--- Exercise input ---

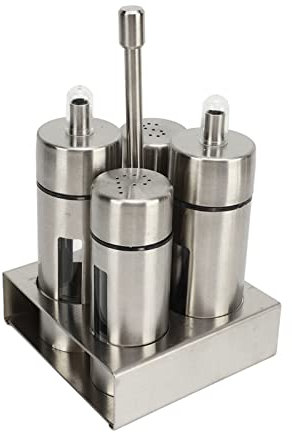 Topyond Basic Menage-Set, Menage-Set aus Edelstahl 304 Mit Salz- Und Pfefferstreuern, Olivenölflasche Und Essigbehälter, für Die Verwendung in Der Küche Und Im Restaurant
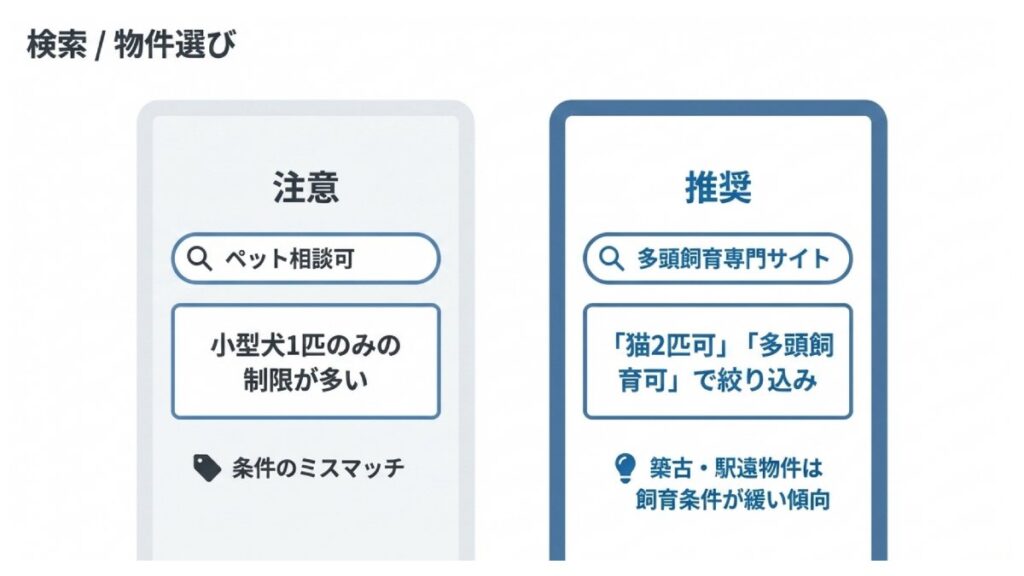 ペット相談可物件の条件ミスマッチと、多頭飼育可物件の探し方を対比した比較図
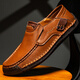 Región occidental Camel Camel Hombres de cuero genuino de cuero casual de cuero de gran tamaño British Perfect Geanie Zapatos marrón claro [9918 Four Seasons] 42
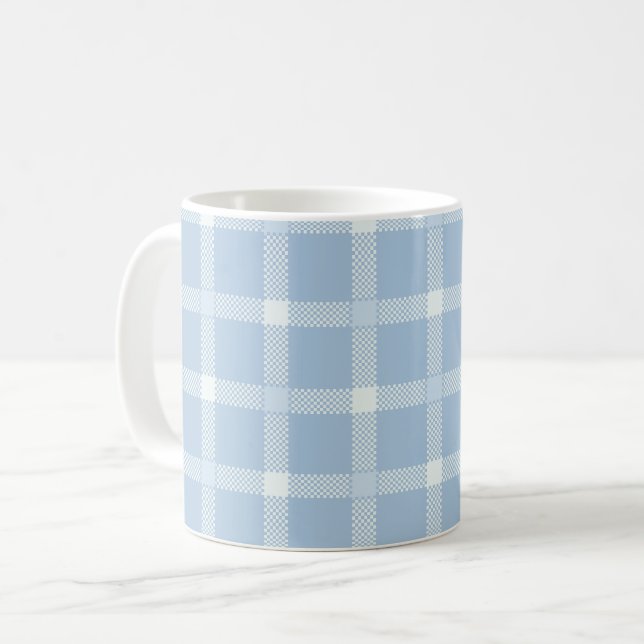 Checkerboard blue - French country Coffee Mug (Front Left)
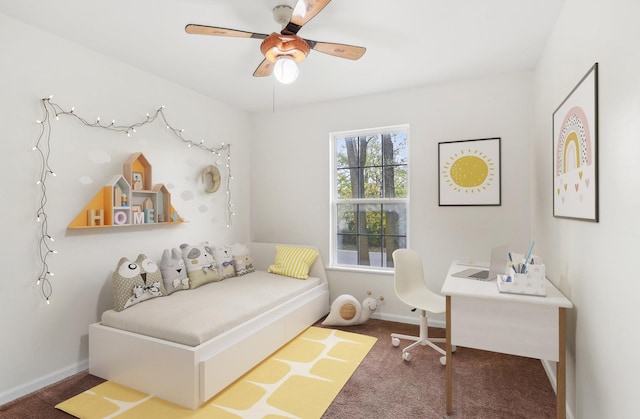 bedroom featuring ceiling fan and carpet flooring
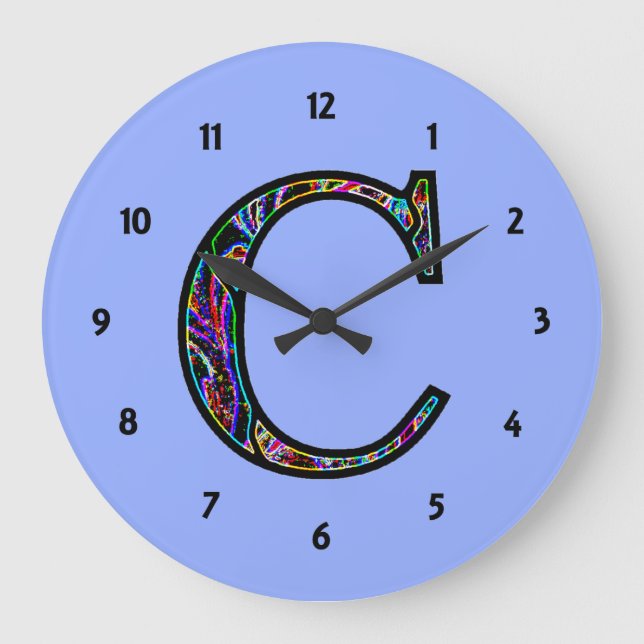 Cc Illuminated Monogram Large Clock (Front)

---

Each record above should come back exactly the same, only without its pictures.

**Written answer:**
 Topyond Basic Menage-Set, Menage-Set aus Edelstahl 304 Mit Salz- Und Pfefferstreuern, Olivenölflasche Und Essigbehälter, für Die Verwendung in Der Küche Und Im Restaurant
 ペット相談可物件の条件ミスマッチと、多頭飼育可物件の探し方を対比した比較図
 Región occidental Camel Camel Hombres de cuero genuino de cuero casual de cuero de gran tamaño British Perfect Geanie Zapatos marrón claro [9918 Four Seasons] 42
 Checkerboard blue - French country Coffee Mug (Front Left)
 bedroom featuring ceiling fan and carpet flooring
 Cc Illuminated Monogram Large Clock (Front)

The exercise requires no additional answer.